Adam M. Brufsky, MD, PhD: This is the ABRAZO trial?

Michael Gnant, MD: Yes.

Adam M. Brufsky, MD, PhD: Can someone describe that? Does someone know the design of ABRAZO?

Hope S. Rugo, MD: Yes, we had 2 cohorts. One was patients who received 3 or more lines of therapy, and one was a patient group who had received platinum therapy and was supposed to not have completely progressed on it. Most of the patients really had platinum-resistant disease. And interestingly, patients responded in both groups. The responses were a little bit higher in the group that was more heavily pretreated and not exposed to platinum. This is really interesting given the fact that the progression-free survival in the TNT trial of the patients with BRCA mutations—who were a tiny number—who received carboplatin, compared to that of the patients who received olaparib in OLYMPIAD, is relatively similar, suggesting that maybe we’ve already seen that there’s some similar resistance mechanism where patients who received platinum chemotherapy with ovarian cancer have less of a response to PARP inhibitors. And in breast cancer, it seems to be relatively the same. But we saw responses with talazoparib in both groups, and they were reasonably durable as well, which I think was quite impressive.

Adam M. Brufsky, MD, PhD: So, we have a trial. The first question to my colleagues—now, at least, I’m assuming that they’ll get a label expansion? We don’t know, obviously, in the United States.

Hope S. Rugo, MD: One would hope.

Adam M. Brufsky, MD, PhD: In Europe, I’m assuming they’ll get a label expansion as well. How are you guys going to use olaparib, at least up front? Because that’s that how it’s going to get approved first?

Joyce A. O’Shaughnessy, MD: I’ll give you an example of a patient of mine who had triple-negative breast cancer with a BRCA1 germline mutation and, after some years, presented with a solitary brain metastasis that was resected. I gave her some platinum-based therapies as adjuvant treatment. And then, I decided I would give olaparib to her as a maintenance therapy.

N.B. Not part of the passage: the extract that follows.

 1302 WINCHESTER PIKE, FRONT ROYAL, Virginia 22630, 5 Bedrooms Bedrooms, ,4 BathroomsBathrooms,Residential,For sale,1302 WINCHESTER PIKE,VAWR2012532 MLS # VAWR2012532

So, I’m using; she’s on olaparib now. Basically, I’m probably going to go to it early on. I think in BRCA1/2 germline-mutant metastatic breast cancer, it’s probably going to be first-line treatment for those patients.

Hope S. Rugo, MD: Yes, and I’ve had the same experience. In fact, I just had a patient with a BRCA2 mutation and ER-positive, HER2-positive disease who developed some cardiac toxicity with trastuzumab in the adjuvant setting. But given her metastatic bone disease, I added olaparib to her hormone therapy. I think the thing is that we have this amazing doubling of response, but it’s not as durable as we’d like. Maybe by treating patients earlier, it will be more durable. Maybe it will require something else, like an adjuvant therapy or continuation with combining with other agents. It’s hard to know.